A FEW MONTHS AGO, New York’s District Attorney Cyrus Vance Jr. announced a grant program of $35 million that other cities could apply to for help funding their backlog efforts. Garvey is applying for that grant, along with federal monies. Garvey says that if Philadelphia receives money from the Vance grant, the PPD would start with an inventory of pre-2004 evidence. “Once that is complete, cases would be reviewed to determine whether there is the potential for probative forensic DNA analysis,” says Garvey. “From there, a reasonable analysis plan that balances this effort with current investigations would be developed.” He notes that a careful balance must be maintained between the needs of the past and those of today.
It makes sense, but it isn’t exactly the inspiring message that other cities are sending out — and Philly could use the PR. Joe Biden, who introduced the Violence Against Women Act in 1994, spoke in March about the importance of Congress’ appropriation for rape kit testing, and specifically referred to seeing hundreds of untested rape kits on shelves in Philadelphia.
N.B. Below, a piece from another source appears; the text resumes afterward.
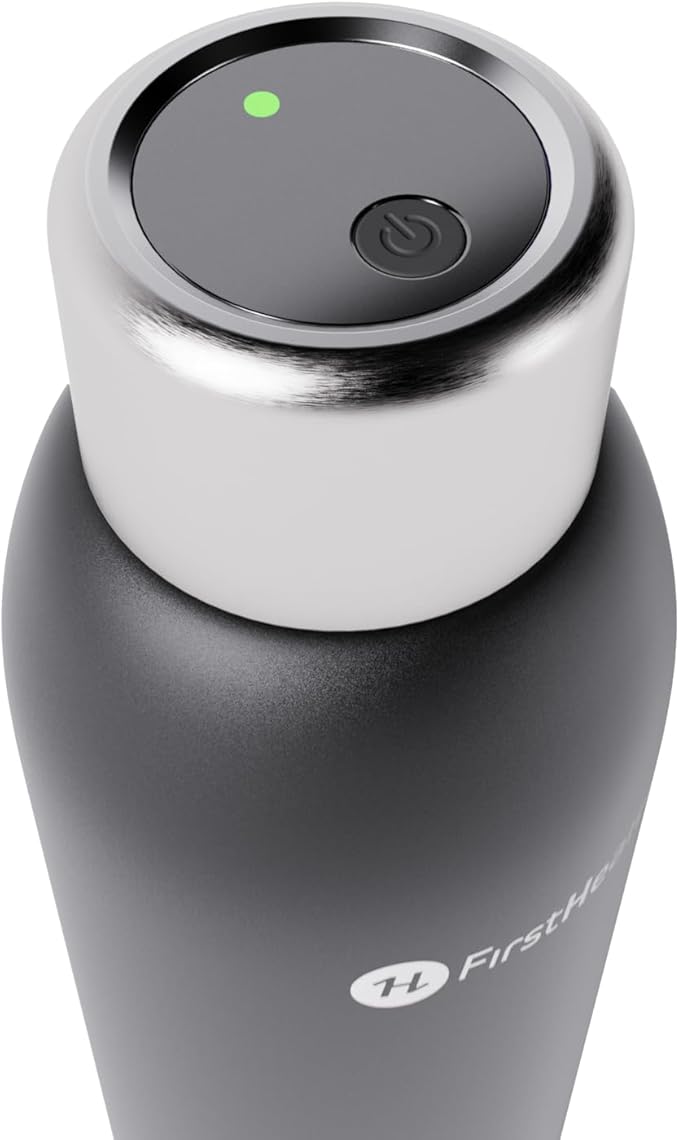 FIRSTHEALTH UV Self Cleaning and Water Purifying Bottle -18 Ounce Insulated Rechargeable Stainless-Steel Tumbler, Reusable, Kills 99.9% of Germs, Bacteria. Keeps Hot for 12-HR or Cold for 24-HR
Meanwhile, Detroit, Cleveland, Houston, Salt Lake City, Memphis, Los Angeles, San Francisco, New York — these are all cities that have broadcast their commitment in unambiguous ways, with words and deeds that make it clear that prosecuting sexual violence and bringing dignity to victims is an absolute priority. Even with funding as a challenge, cities have gotten creative. In The Marshall Project, Clare Sestanovich writes:
When Houston first confronted its backlog — and the attendant costs — its City Council passed a novel ordinance: a tax on local strip clubs would require venues to pay five dollars per customer toward rape-kit testing. Even more traditional establishments could incur the fee if they hosted adult activities like, say, a “naked sushi contest.”
Memphis officials estimate it’ll take approximately $6.5 million to clear that city’s massive backlog entirely, but they’ve signaled they will find the money to do it. Detroit has a large coalition of stakeholders that have raised funds, including the National Institute of Justice, the state of Michigan, the Wayne County Prosecutor’s Office, the Michigan Women’s Foundation and the Detroit Crime Commission. The county even hired temps to process untested evidence. In Kentucky, state Sen. Denise Harper Angel just sponsored legislation that would require an audit of untested rape kits by Nov. 1, 2015.
In Philadelphia, despite Michael Garvey’s knowledge and everyone’s good intentions, the message seems to be rather more tepid: Jeez, we’re already swamped. We don’t have time to send all that paperwork to the Joyful Heart Foundation or say we’ll do whatever we can to bring closure to victims. No one seems to know how many untested pre-2004 kits Philly even has in evidence lockers. Not knowing the number of total untested kits is not the same as being free of them.
When Natasha Alexenko hears hesitation or reluctance on the part of city officials, she finds it hard to understand. “The man who raped me was on a nationwide crime spree. He didn’t just rape, he wasn’t a specialist — he committed a variety of crimes. He was a burden on law enforcement, he created other victims. These are really bad people. They escalate in terms of their viciousness.” Clearing a backlog is not, she says, just for survivors — “that unfortunate sorority. It’s a matter of public safety.”
Joyful Heart CEO Maile M. Zambuto said yesterday: “We are so grateful to President Obama, Vice President Biden, and leaders in Congress for recognizing the urgency of this issue, and for offering leadership, resources and research to fix the problem, making the reduction and elimination of the nationwide rape kit backlog a priority.” Philadelphia should do the same.